Often Thought As The “Prenatal” Vitamin
Vitamin B9 (Folic Acid) is also known as folate.
It is a water-soluble vitamin that is extremely important during times of rapid cell division; such as in pregnancy.
It is also vital for the production of healthy red blood cells.
Why do you need Folic Acid (Vitamin B9)?
- Cell Division
- Maintenance of new cells
- Synthesis of DNA
- Amino acid metabolism
- Nucleic acid metabolism
- Required to make normal red blood cells
Conditions Related to Folic Acid (Vitamin B9) Deficiency
- Megaloblastic anemia
- Neural tube defects
- Alzheimer’s disease
- Cardiovascular disease
- Bipolar disorder
Typical doses range from 400 mcg – 2000 mcg. Therapeutic doses can range as high as 10 mg – 20 mg, although these higher ranges are not common.
The risk of toxicity is extremely low with the accepted upper limit of 1 mg (1000 mcg). However, doses as high as 20 mg (20, 000 mcg) have been well tolerated.
There are studies in which folic acid was used in amounts as high as 20 mg per day (that’s 20,000 mcg) to treat mental illnesses such as schizophrenia-like behavior, and in dosages as low as 4000 mcg for pregnant women who have had a child born with a defect.
Any concern relating to adverse effects revolves around another widely deficient B vitamin, Vitamin B12, and not so much with folic acid per se. Depending on the source, you may read that anemia stemming from a folic acid deficiency is more common than anemia brought on by a Vitamin B12 deficiency.

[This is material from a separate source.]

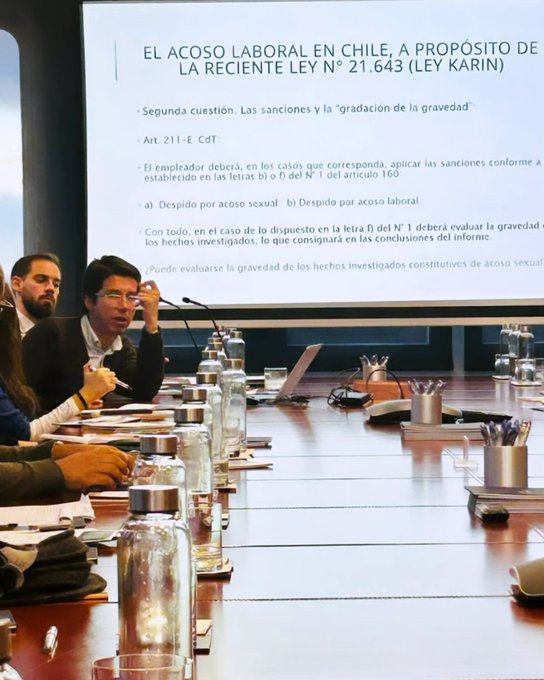 FundaciónChileEspaña (@fundchileespana) on Twitter photo 🇨🇱🤝🏼🇪🇸 La FCE organizó un encuentro con expertos y estudiantes de la <a href="/UAHes/">Universidad Alcalá</a> y la <a href="/uchile/">Universidad de Chile</a> para debatir estrategias que promuevan entornos laborales más seguros y respetuosos.
La jornada se llevó a cabo en el bufete Uría Menéndez.
#FundaciónChileEspaña #Chile #España 🇨🇱🤝🏼🇪🇸 La FCE organizó un encuentro con expertos y estudiantes de la <a href="/UAHes/">Universidad Alcalá</a> y la <a href="/uchile/">Universidad de Chile</a> para debatir estrategias que promuevan entornos laborales más seguros y respetuosos.
La jornada se llevó a cabo en el bufete Uría Menéndez.
#FundaciónChileEspaña #Chile #España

Taking higher doses of folic acid (usually 1000 mcg plus) without also increasing Vitamin B12 intake can result in worsening the effects of a Vitamin B12 deficiency, which in turn can lead to neurological issues. Remember, all vitamins depend upon each other to perform the thousands of bodily processes that they are responsible for.
With that said, folic acid toxicity is very rare, especially with dosages in the 400 mcg – 5000 mcg range.